You also want to hit him with queueing theory.

Up to a hair over 60% utilization the queuing delays on any work queue remain essentially negligible. At 70 they become noticeable, and at 80% they've doubled. And then it just turns into a shitshow from there on.

The rule of thumb is 60% is zero, and 80% is the inflection point where delays go exponential.

The biggest cluster I ran, we hit about 65% CPU at our target P95 time, which is pretty much right on the theoretical mark.

▲

BrendanLong 6 days ago | parent | next [-]

A big part of this is that CPU utilization metrics are frequently averaged over a long period of time (like a minute), but if your SLO is 100 ms, what you care about is whether there's any ~100 ms period where CPU utilization is at 100%. Measuring p99 (or even p100) CPU utilization can make this a lot more visible.

▲

hinkley 6 days ago | parent | next [-]

The vertical for this company was one where the daily traffic was oddly regular. That the two lines matched expectations likely has to do with the smoothness of the load.

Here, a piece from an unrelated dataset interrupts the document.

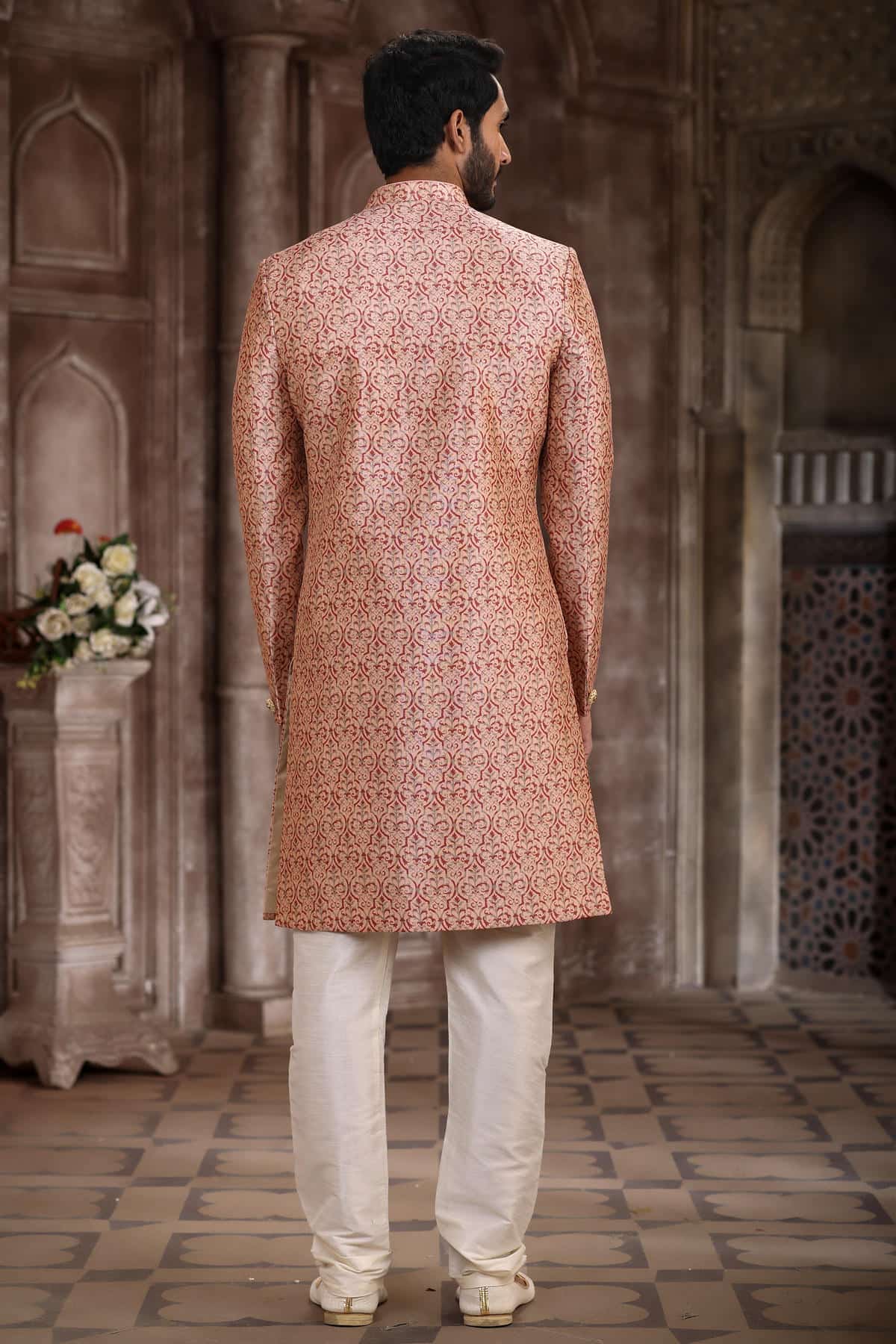 Rust Peach Colour Art Silk Digital Printed Work indo western Sherwani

The biggest problem was not variance in request rate it was variance in request cost, which is usually where queuing kicks in, unless you're being dumb about things. I think for a lot of apps p98 is probably a better metric to chase, p99 and p100 are useful for understanding your application better, but I'm not sure you want your bosses to fixate on them.

But our contracts were for p95, which was fortunate given the workload, or at least whoever made the contracts got good advice from the engineering team.

▲

kccqzy 6 days ago | parent | prev [-]

If your SLO is 100 ms you need far more granular measurement periods than that. You should measure the p99 or p100 utilization for every 5-ms interval or so.

	▲	6 days ago \| parent [-]
		[deleted]

▲

Ambroisie 6 days ago | parent | prev [-]

Do you have a link to a more in-depth analysis of the queuing theory for these numbers?

	▲	hinkley 6 days ago \| parent [-]
		I can picture charts from various treatments in my head but none of the names stick. I really should have a favorite couple of links or books but unfortunately I do not. I will put that on my todo list. The magic search terms are “queue size/length”, “utilization”.